In total, the federal government already spends about $15 billion on early childhood education, according to a Government Accountability Office analysis. It also heavily subsidizes child care for military service members both on and off base.
Warren's program would more than quadruple that sum, initially by expanding Head Start. That's the federal program for early childhood education of low-income children, and Warren's plan to build out from Head Start would be instantly controversial.
In 2017, Head Start served nearly 900,000 children at a cost of $8.8 billion. Warren's plan could open Head Start to all children.
Ramping up a new infrastructure of child care centers with highly paid workers wouldn't happen overnight. Zandi's analysis suggests it would take at least two years.
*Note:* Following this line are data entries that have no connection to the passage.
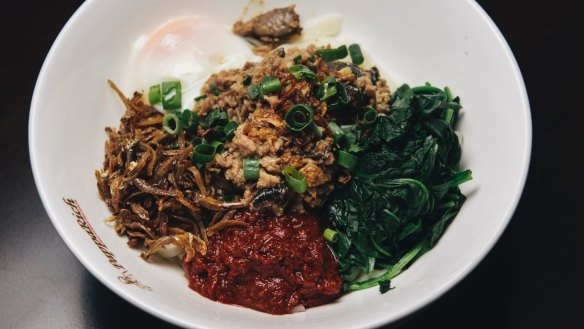 One-bowl wonder: chilli pan mee.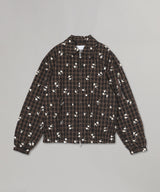 Yarn Dyed Check Flower Bomber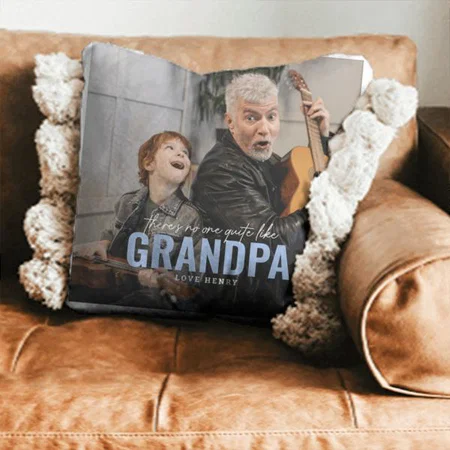 There's No One Quite Like Text  Customized Photo Printed Cushion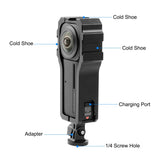 PULUZ Protective Cage Rig Housing Frame with Cold Shoe for Insta360 ONE RS 1-Inch 360 Edition, Protective Cage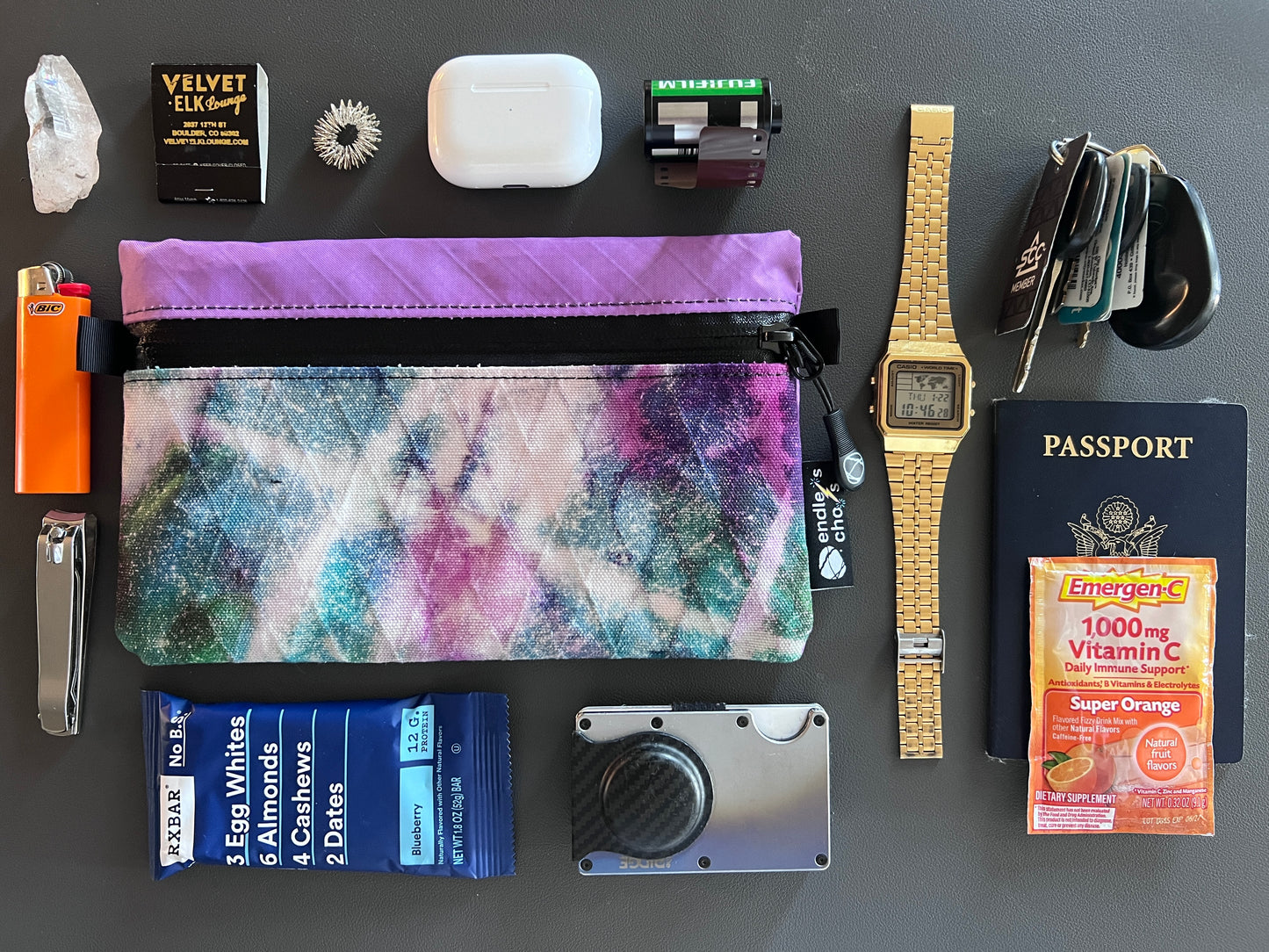 Endless Choss Zipper Pouch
Additionally, it could require many, many more workers. The federal government suggests a ratio of not less than one trained adult for every three or four infants and three to six toddlers up to age 2. Preschool can begin at the age of 3, when the suggested ratio is one adult for six to 10 pre-schoolers.
Regulations vary by state, which means the cost of the program would also vary by state.
Then there are questions about whether Head Start is the right model at all. Zandi refers to Head Start as a successful program in his analysis of Warren's plan, but that is far from a universal opinion. Some experts, like Diane Whitmore Schanzenbach and Lauren Bauer at Brookings, have argued the program is effective and helpful.
Lindsey Burke, the director for education policy at the conservative Heritage Foundation, has dubbed Head Start a total failure because it has been difficult to quantify its long-term benefit for students.
"Increasing subsidies for early childhood care will just create a new program that likely ends up benefiting middle- and upper-income families," she said.
That has been a criticism of the greatly increased federal tax credit for children, implemented in the 2017 tax reform, which gives parents a $2,000 credit for each child instead of $1,000. Those are also essentially subsidies given at the end of the tax year, however, and not up-front help as parents seek care for their kids.
"Taxpayers want to keep more of their hard-earned money and make these decisions for themselves," said Burke.
Whether that is true will very much become part of the debate in the Democratic primary, however. It is certainly true that Warren is adding a new element to the political conversation.